### YOUR ASSIGNMENT:
Repeat each line of the data below exactly, but skip the pictures.

### DATA BLOCK:
- - - - - - -

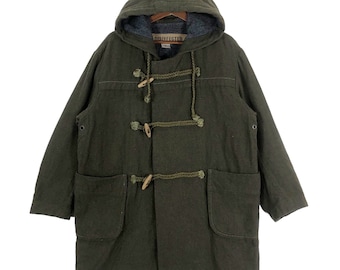 Könnte beinhalten: Ein dunkelgrüner Kapuzen-Dufflecoat mit Knöpfen und zwei großen Taschen. Der Mantel hat ein Etikett mit der Aufschrift "DISINFECTED".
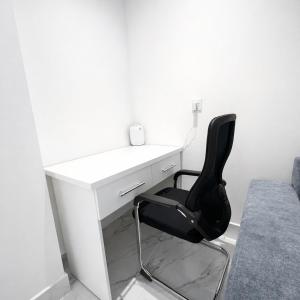 una sedia nera seduta di fronte a una scrivania bianca di Najd Cozy Apartment a Dammam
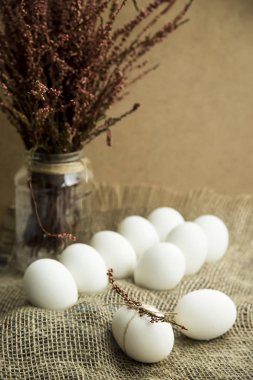 Beyaz yumurta kuru çiçekler ve pembe ip ile dekore edilmiş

- - - - - - -

### TASK ANSWER:
 Könnte beinhalten: Ein dunkelgrüner Kapuzen-Dufflecoat mit Knöpfen und zwei großen Taschen. Der Mantel hat ein Etikett mit der Aufschrift "DISINFECTED".
 una sedia nera seduta di fronte a una scrivania bianca di Najd Cozy Apartment a Dammam
 Beyaz yumurta kuru çiçekler ve pembe ip ile dekore edilmiş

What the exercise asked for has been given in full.